Ah, summer. Time to play on the beach, head out on vacation and if you're a search engine, announce to the world that you've got the largest index. -- Search Engine Size Wars & Google's Supplemental Results, Search Engine Watch, Sept. 3, 2003
The quote above is from an article I wrote after Google and AllTheWeb played a game of "who's biggest" in August 2003. They'd done the same thing in August 2002. Now here we are in August 2005, and it's another spat over size once again, this time between Yahoo and Google.
I cannot believe we're going through this again. This is Search Engine Size Wars VI, by my count. It's absurd. It's annoying. It's a friggin' waste of time. Instead of advancing to a commonly accepted relevancy figure, the search engines want to keep us mired in the mud of who's biggest.
Who's biggest really doesn't matter, as I and others have written so, so, so, so, so many times before. Reasons? There are many. How about...
- You need the whole haystack! Here, if I dump it all on your head, can you find the needle now?
- If you have lots of documents but they are all near duplicates of each other, is that good?
- How much of a document have you indexed -- 101K, 500K, 1MB?
Pick your metaphor, your explanation, your qualification (Gary gives you even more here) -- we've been through this all before.
Nothing has changed. Size hasn't suddenly gotten more important overnight. What has happened is for the first time, one search engine is strongly disputing the claims of another. Google doesn't believe the figures Yahoo is bandying about, as Gary covered earlier. Yahoo has been steadfast that it's not lying.

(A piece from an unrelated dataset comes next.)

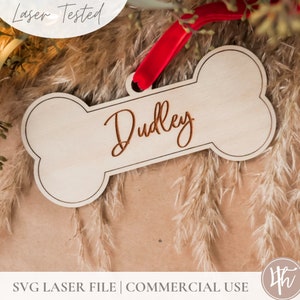 SVG Knochen Ornament | Hund Ornament | Lasergravur Dateien | Glowforge Weihnachten SVG | Glühschmieden SVG | Laser-Weihnachtsdateien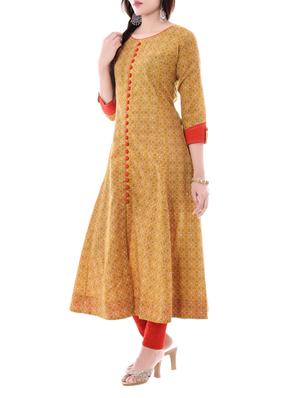 yellow cotton a-line kurta - 14715065 - Standard Image - 2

Well let's do some testing! Let's come up with some standards! Let's audit the figures! Yeah, let's do that. After all, it's been discussed since 1999, when Northern Light wanted to say definitively that it was biggest. Surely it's time for that to happen, right?
No, it's not. If the search engines are all going to come together to figure out a standard on something, move forward! Move forward! Pull it together and unite to come up with a way to test relevancy! That's what matters, not this squawking and time wasting over size.
In Search Of The Relevancy Figure from me in 2002 looks at the need for a relevancy figure and how without it, we'll continue to have search engines use surrogates such as size for relevancy:
A relevancy figure would also free us from search engines playing the "size card" or the "freshness card" to quantify themselves as better than the competition. Yes, having a large index is generally good. Yes, having a fresh index is desirable. However, neither of these stats indicates how relevant a search engine is. Nevertheless, the search engines keep pushing them at us, and in particular at journalists, in an effort to trump their competitors.
Here we are in 2005 and what's happening? Size is pushed again in our faces. Sure, Yahoo didn't do a release on it. But it knew exactly the reaction it would get by announcing via its blog that it was twice as big as Google. And Google? The company has pulled out all the stops in lobbying us at Search Engine Watch along with other analysts to poke hard at the Yahoo numbers, because it doesn't want to be seen as "second best" in any area.
The irony is deep. Google has never provided any proof when it trumped others on the size front. MSN says it's at 5 billion in November? No problem -- Google magically announces on its home page that it's at 8.1 billion. While MSN didn't seriously question that Google was larger than it, plenty of other rumblings went around that the count might not be correct. But since it had trumped everyone else, Google apparently didn't feel the burning concern it now has that size should somehow be verified. Sure, maybe Yahoo isn't at 19 billion. But maybe Google isn't at 8 billion, either.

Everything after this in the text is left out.